Re: [HM] What is good math history?


Subject: Re: [HM] What is good math history?
From: Don Cook (tdctdc@surfsouth.com)
Date: Mon Jan 10 2000 - 16:41:35 EST


Dear List,

In an excellent letter, Jan Mycieski made the following comment:

  "3. Intuitionism is a rather unsuccessful attempt to develop
  mathematics by means of a truncated logic. This attempt was
  never clearly justified on philosophical (or any other) grounds,
  and it did not generate any superior kind of mathematics. In
  fact there is a defect in the practice of intuitionists. Their
  proofs yield more information than they state in their theorems.
  Thus they hide their results in their proofs unlike classical
  mathematicians who try to express as much as possible or
  reasonable in their theorems."

I sorta disagree. If I were starting over again, I may study Constructive
Mathematics which uses "truncated logic" (no law of the excluded middle)
I believe that consistency of mathematics is a strong philosophical basis
for any branch of mathematics.

 From "A Course in Constructive Algebra", Mines, Richman and Ruitenburg,
Springer-Verlag, 1988, pg vii-viii.
    "The constructive approach to mathematics has enjoyed a renaissance
caused in large part by the appearance of Errte Bishop's book "Foundations
of constructive analysis" in 1967, and by the subtle influences of the
proliferation of powerful computers.
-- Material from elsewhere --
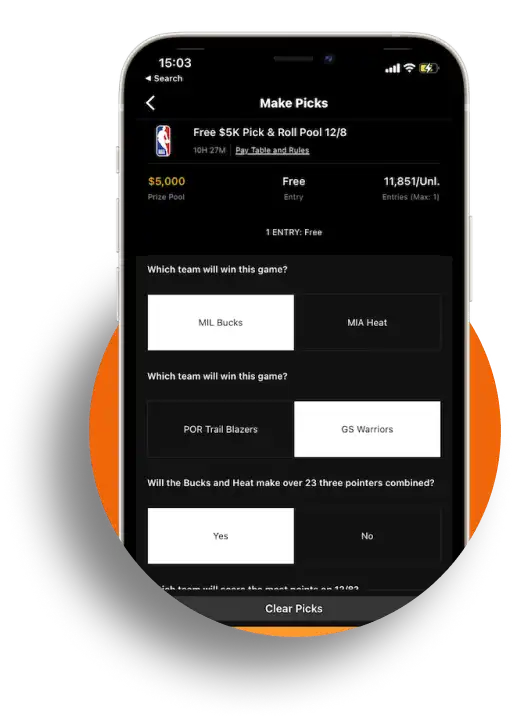 Draftkings-clone-script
Bishop demonstrated that pure
mathematics can be developed from a constructive point of view while
maintaining a continuity with classical terminology and spirit; much more
of classical mathematics was preserved than had been thought possible,
and no classically false theorems resulted, as had been the case in other
constructive schools such as intuitionism and Russian constructivism...
It is important to keep in mind that constructive algebra is algebra,
in fact it is a generalization of algebra in that we do not include the
law of the excluded middle, just as group theory is a generalization of
abelian groups theory in that the commutative law is not included."